We can all think of self-indulgent things: eating your entire birthday cake, John Woo’s penchant for doves in slow motion, Kill Bill.
I was thinking about this criticism, knowing I myself have called stuff self-indulgent on many occassions, but I tend to have a lingering doubt about what it really means. Only way to solve that is to crack out the dictionary.com:
self-indulgent: Excessive indulgence of one’s own appetites and desires
or Indulging one’s appetites, desires, etc., freely
There’s something puritan about these definitions, with their indirect equation of freedom with excess, and their distaste for both. But moreover, from Destroyer’s Dan Bejar who was at the receiving end of the pejorative because of his album This Night (and many more): “This whole notion of self-indulgence baffles me, as if I’m supposed to be indulging someone else.”* Point well taken; in most uses (especially as a description of art), the self- part is redundant, and we should be concerned with the definition of indulge:
To yield to the desires and whims of, especially to an excessive degree
Yet more excess! Even if we are indulging someone else, it seems to be a bad thing. Latin roots, from indulgere “to be kind or tender to one”. From the other definitions we get a strong sense of parenting, of indulgent parents letting their kids run free, unable or unwilling to crack the whip where warranted. In other words, a lack of sternness, and in the context of artistic work one is letting one’s inner child run free; like Fellini and his admitted obsession with enormous whores. It’s all too easy to couch it in psychoanalytical language, so I will: id, meet superego.
There’s an interesting undercurrent to the concept of indulgence that crops up in this definition: “to engage or take part, especially freely or avidly.” There’s another term that has always fascinated me, and that’s “entertainment”, and about the only meaningful thing one can squeeze out of that concept is “that which engages”. We all like entertainment, right? So we like being engaged. But wait, to engage too freely is a bad thing?
If we return to the idea of artistic self-indulgence, the criticism basically means that the artist is engaging himself as opposed to the audience (especially the critic). The critic says, I wanted your album/film/book to engage me, but with your nonstop slow-motion shots of doves in churches, you engaged yourself. You really let yourself go. Possibly that’s what it is. But anyone who creates knows that it’s difficult to ascertain what the audience and/or critics actually will want, even if one wants to give them what they want.
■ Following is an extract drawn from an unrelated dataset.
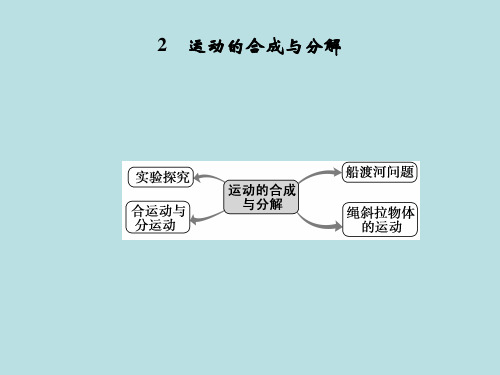 教科必修2《第一章抛体运动2.运动的合成与分解》623PPT课件一等奖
Moreover if you cater exclusively to the audience at the expense of your own artistic desires, then you are pandering, which of course is almost the original definition of indulgence: to “minister to the evil designs and passions of another,” which makes you a panderer – that is, a pimp. When you do battle with the English language’s monstrous biblical heritage, you just can’t win!
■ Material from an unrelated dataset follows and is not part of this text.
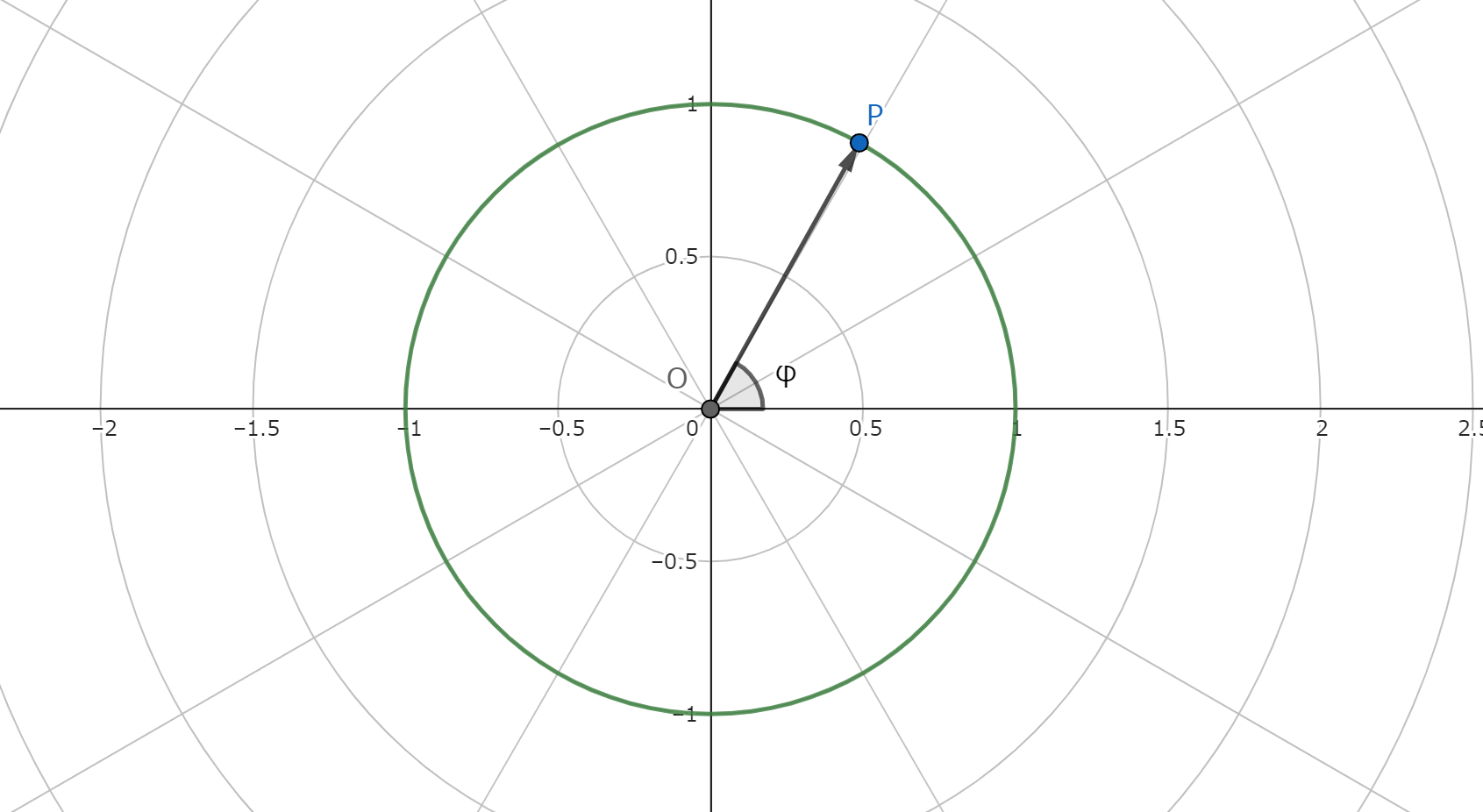 解説の図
But surely it’s less sinful to self-pimp? If you follow late-period Freud and/or any-period Brett Easton Ellis, then you believe you will never meaningfully engage with another, that communication is simply projection, that the only person you can know is yourself. Even if you believe in a less cynical world, in which it is possible to engage other humans via artistic media, you must indulge yourself in some way – you can’t remove your needs and desires from the engagement altogether.
I could nudge this burgeoning theory toward my understanding of art as war, as an engagement between two opposed forces, the creator and the receiver, but that’s not the point. The point is to point out that “self-indulgent” is a pointless criticism, yet another way to blame the artist when you don’t like what they did. John Woo’s doves are heavy-handed, This Night is inaccessible, and Kill Bill is too long, but none of them are self-indulgent.